No matter where in the world you hail from, the concept of ‘home’ is a potent one. Even more so for those of us who have uprooted their lives and moved far away to a place where the lifelong connections which nurture our sense of identity are severed. In Journey Birds, Israeli Animator and Illustrator Daphna Awadish explores the experience of immigration and the notions of home, through personal stories expressed in a charmingly handcrafted docu-animation style. We invited Daphna to reflect on the strong feelings of homesickness which inspired her Bezalel Academy graduate project and share how the use of mobile phone cinematography facilitated the intimacy of these wistful contemplations.

“It’s hard, I can’t answer” Nona said when I asked her where she considered home.

In the Autumn of 2013, I left my home for the first time and moved to Milan to participate in a student exchange animation program through Bezalel Academy of Arts and Design. Being far away from home, I instinctively searched out people who had found a home far from their birth place. In the interviews I asked them for the reasons behind their decision to move and their feelings towards moving to a new country.
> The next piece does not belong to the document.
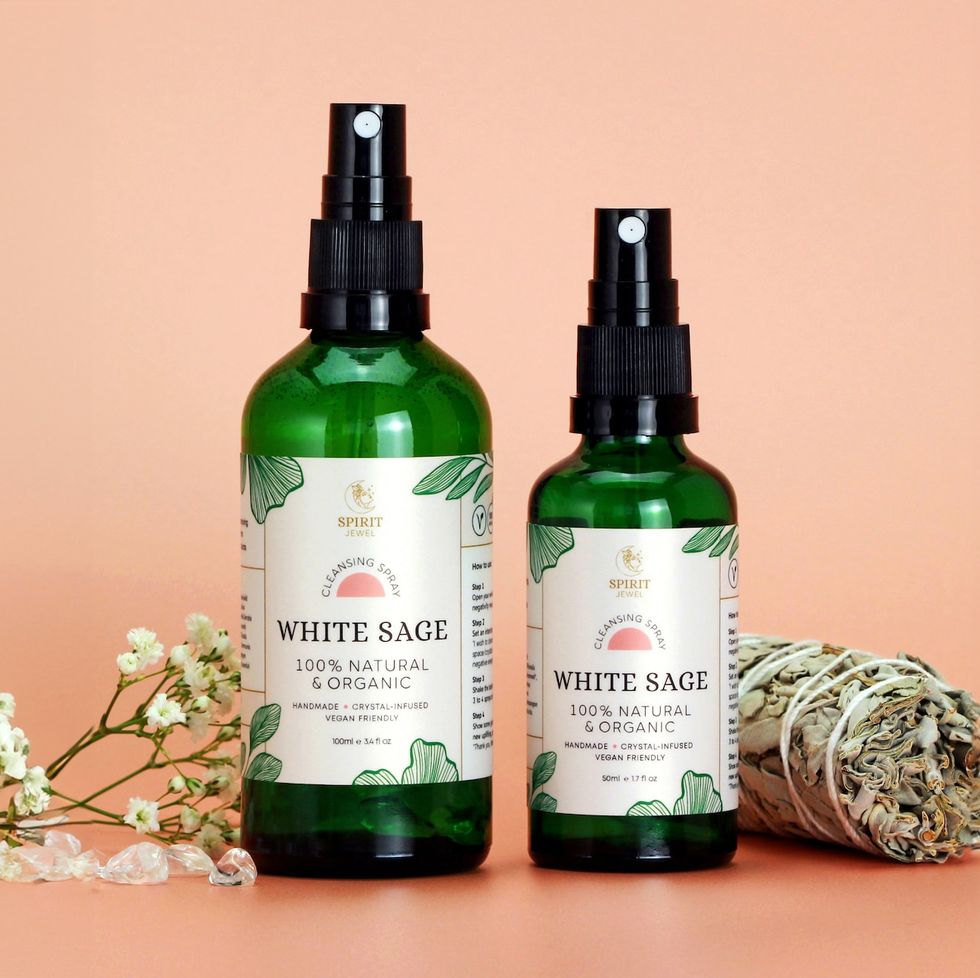 Natural & Organic White Sage Cleansing Spray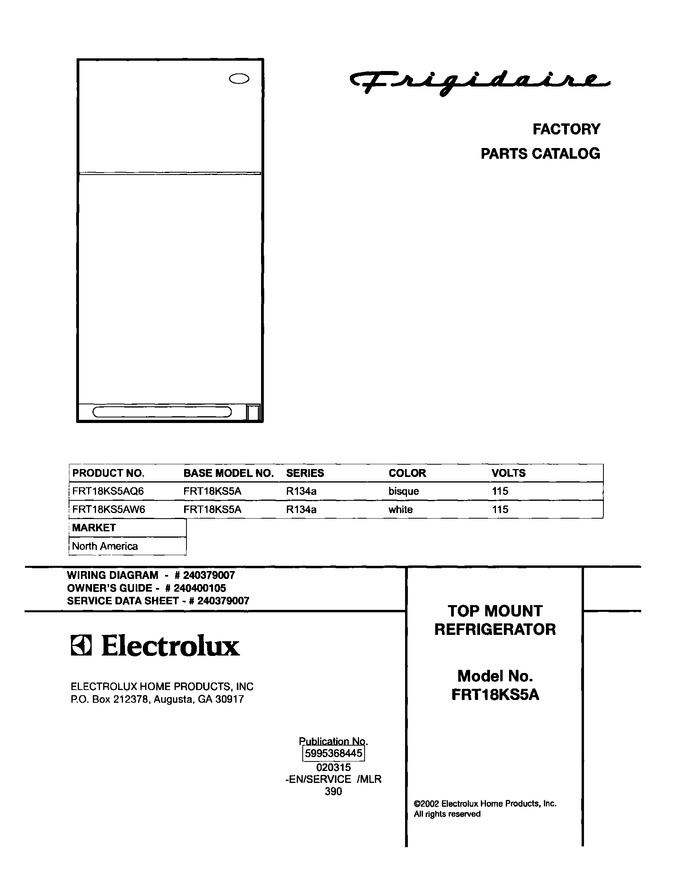 Diagram for FRT18KS5AW6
I discovered various blends in each character but the feeling of pain of longing and fracture was common to all. But at the same time, there was also curiosity and a strong will to discover something new and even love it.

For the first time, I understood that I took for granted the concept of ‘home’.

Until that experience of living abroad, I was sure that travelling back and forth was not going to be a big deal for me. For the first time, I understood that I took for granted the concept of ‘home’. Far away from my parents and friends, I found myself listening to people’s stories in and around Milano trying to find out: what is home? I felt fragmented and torn between wanting to discover new horizons and missing desperately my family and all the things I loved about ‘home’. Listening to their stories helped me to pull myself together and led to the decision to devote my graduate film to this subject. I wanted to find out: How do people decide where their home is? Are they free to decide or forced to look for a new home. What defines “home”?

Throughout the movie, elements of search and suspense are prevalent. The cinematic language was chosen to express this: first the combination of animation and printed video that creates an illusion between reality and imagination: Is home a real place made of stone walls in which we can find ourselves? Or maybe the sense of home is a private inner concept that has nothing to do with our physical reality?

I collected a lot of material during the time I lived in Europe: not only audio records of people, but also hours of video that I filmed from my cellular phone, which at that time was a Galaxy 2, as I didn’t have a good camera then. I realized that with a cellular phone I was free to spontaneously film and tape on the spot. The people I interviewed felt more free with my little cell phone than with professional equipment. My cell phone helped me create intimate talks and random shots of people on the street, bus, windows, laundry lines. The disconnection from Israel and my routine caused me to look at things in a different way, more curious and alert visually as I experienced new situations and views for the first time.

I returned to Israel passionate to work out all this material. In the first tests I printed frames on my home printer. My printer and scanner were old and bad, but I used that to my advantage as they created a wonderful low-tech effect feeling like Xerox! It fitted perfectly to the atmosphere I wanted to create in the movie, an atmosphere not sharp but full of memories, nostalgia and emotions.

The characters that I met and interviewed during my journey appear as a hybrid of man and bird. The comparison between immigrants and migrant birds seemed to me very interesting and exciting. How do birds know where to fly? How do they know the way to the warm countries? Turns out there are magnetic fields in the Earth through which they feel their way to their destination. Something which is not concrete makes them wander. In my opinion, it’s a beautiful comparison to us – the wandering humans. I’m living in The Netherlands now, working on a new film and still asking myself questions about home.

The people I interviewed felt more free with my little cell phone than with professional equipment.

My movie is about the search for home, and about the words and concepts that different people choose to describe what is home. Home is a basic concept almost archetype, nevertheless there are many ideas and interpretations as to how people grasp it. For the people I interviewed, home was not taken for granted, it’s an essential concept, one which has cracks that are healed and some that are still open, so home for them is rare, precious and treasured.